Andy Warhol was misquoted! Turns out, what he meant was that in the future, everyone would be the Red Sox shortstop for 15 minutes. Or maybe he just meant Nomar Garciaparra, who will reportedly come to Fort Myers today for a press conference in which he'll sign a minor league deal, put on a Red Sox cap, retire and take a job with ESPN as an analyst. Or be packaged with Mike Lowell, we're not sure.

It's kind of a nice but meaningless gesture, an interesting end to a career that started with Nomar being the putative savior of the franchise - a fan favorite whose name rolled off the tongue in the thickest Revere accent, a man whose name could easily be sung to the tune of "Hava Nagila" (a fact Bostonist learned from the guys sitting behind us at a Sox/Sox game at Comiskey), a guy who sparked thousands of debates over whetha Nomah was betta than Jeta (he was, for a while). Then there was the injury, the trade rumors, the bitter feelings, and the trade that landed Doug Mientkiewicz, Orlando Cabrera and Dave Roberts. Which turned out to be one of the best deals the Sox ever made, even if it subjected us to several years of horrifyingly mediocre shortstopping.
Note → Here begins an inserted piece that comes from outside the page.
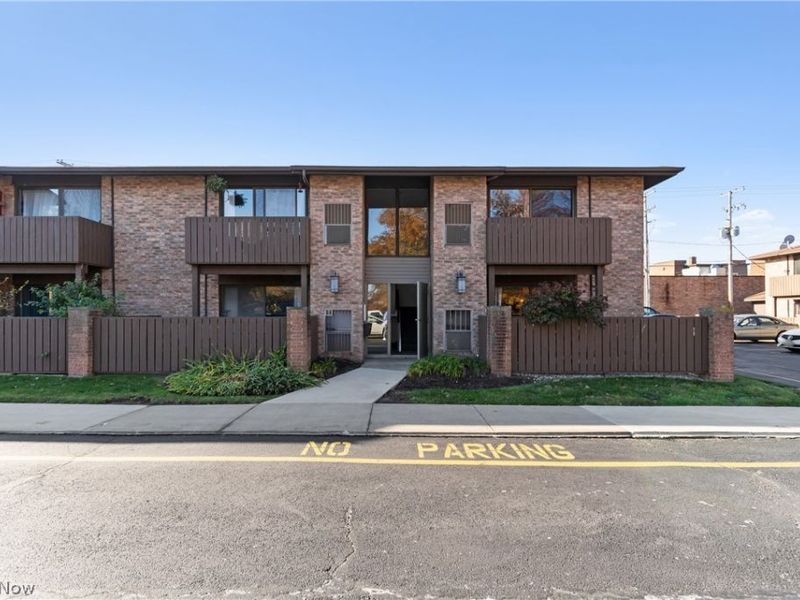 11045 Lake Avenue, Unit 18, Cleveland, OH 44102 Photo 1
But now Nomar's coming home, and retiring as a Red Sox. Which means he's technically eligible to have his number retired (though those rules have fuzzified lately), and every time Marco Scutaro makes an error or hits into a DP all year, we'll wonder about the one that got away. Again.

Speaking of the Red Sox, while Dan Shaughnessy is in Fort Myers searching for ridiculous stories, we've got one here, as Jerry Remy's new restaurant is going to be selling "season passes", which cost $500 for the year and lets you breeze past lines and always have a table waiting for you (they can't guarantee that a peasant won't touch your cloak, though, that probably costs extra). If you think it's a cynical way to grab cash from the sizable portion of [shudder] Red Sox Nation that likes to throw money around to show how awesome they are at being fans, and that nobody has THAT high a money/sense ratio, you should know they've already sold 170 of them. You can also buy Destination Packages from the club, some of which include Yankees tickets bundled with a stay at a local fancy hotel and a gift bag, which if you're really lucky will include a lifesize statue of Dustin Pedroia. They start at $799.

All this is better than talking about our local teams' action last night. The Celtics sputtered through another fourth quarter, lost to Milwaukee, and Ray Allen is miffed that he got only three shots off. In Toronto, the Bruins got a point but are still mad about losing in OT to the Leafs. They didn't have Zdeno Chara on the ice last night, and may not have Marc Savard back for the season. But at least the NHL is finally motivated to maybe do something about the kind of hits that knocked Savard out.